**EXERCISE OBJECTIVE**. Take the lines below beginning at the line that has "V Neck Satin" and stopping after the line that has "T-shirt Combattant de", and print them exactly as they are, with no other lines.

**DATA LISTING**.

*** Begin section ***

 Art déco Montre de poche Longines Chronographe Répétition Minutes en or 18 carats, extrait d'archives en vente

*** End section ***
*** Begin section ***

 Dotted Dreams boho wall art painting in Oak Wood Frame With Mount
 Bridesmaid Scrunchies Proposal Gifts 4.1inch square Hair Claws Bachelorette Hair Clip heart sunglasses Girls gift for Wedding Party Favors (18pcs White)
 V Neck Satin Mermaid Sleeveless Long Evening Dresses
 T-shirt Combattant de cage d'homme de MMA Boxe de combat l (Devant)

*** End section ***
*** Begin section ***

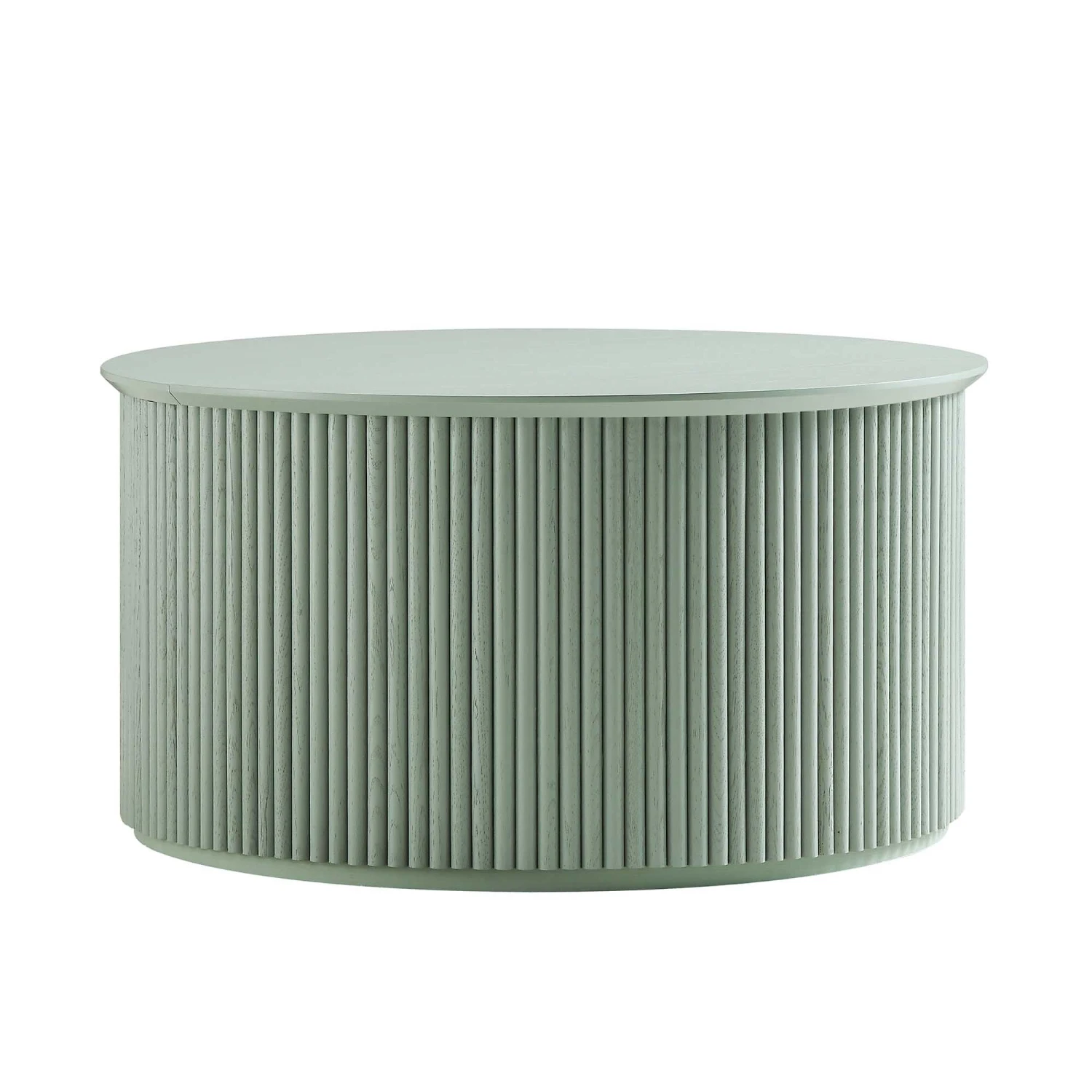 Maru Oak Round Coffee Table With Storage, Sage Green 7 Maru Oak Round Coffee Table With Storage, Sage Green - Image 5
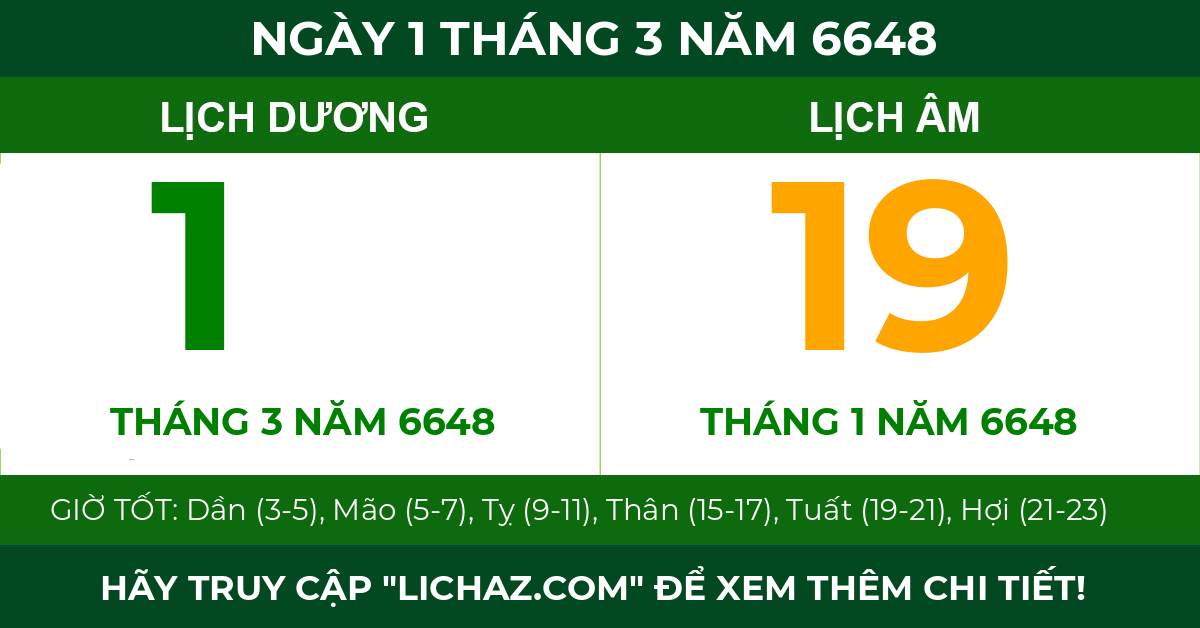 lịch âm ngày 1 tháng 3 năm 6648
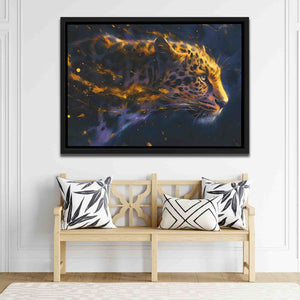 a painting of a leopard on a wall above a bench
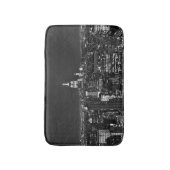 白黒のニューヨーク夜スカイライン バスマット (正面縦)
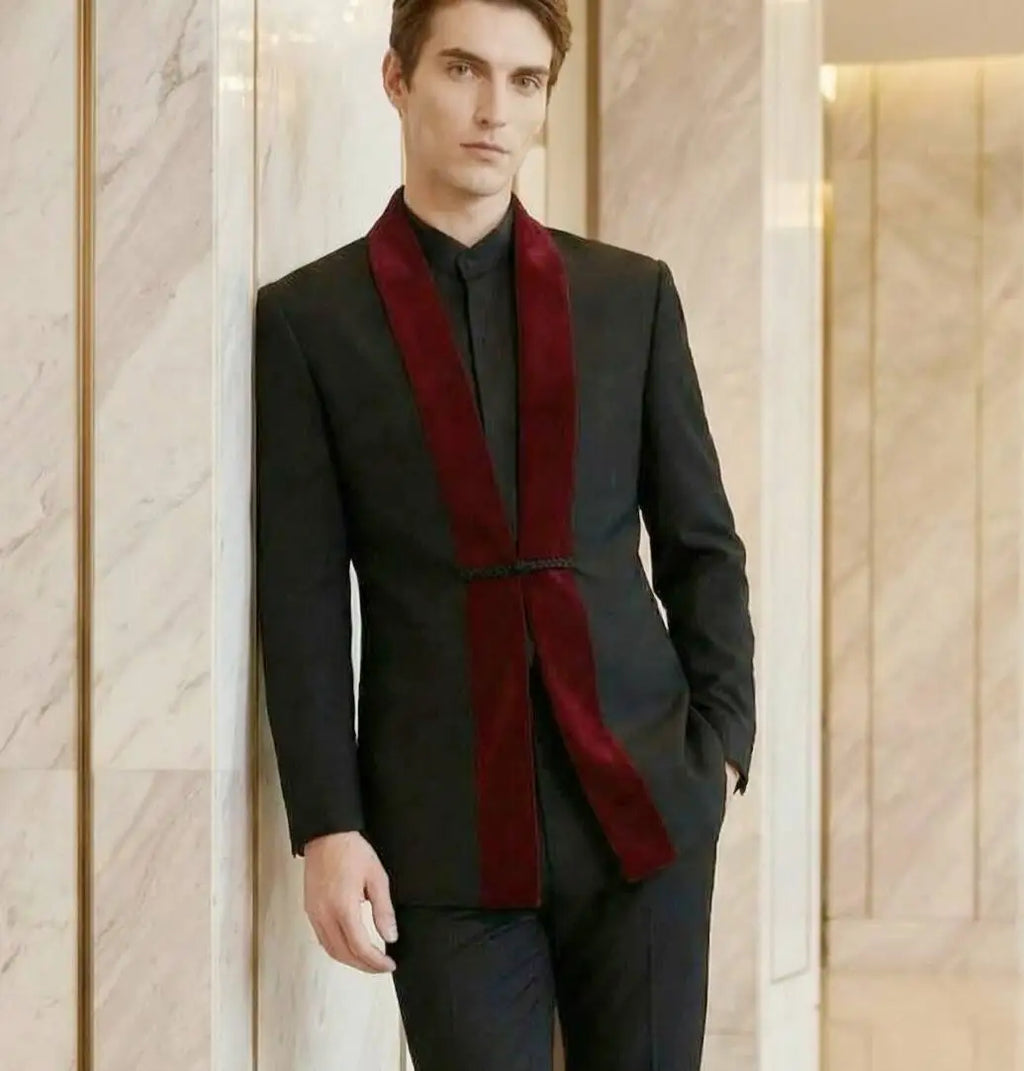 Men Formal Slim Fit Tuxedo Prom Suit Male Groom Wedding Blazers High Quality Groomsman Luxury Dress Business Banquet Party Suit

*** End section ***

**OUTPUT**.
 V Neck Satin Mermaid Sleeveless Long Evening Dresses
 T-shirt Combattant de cage d'homme de MMA Boxe de combat l (Devant)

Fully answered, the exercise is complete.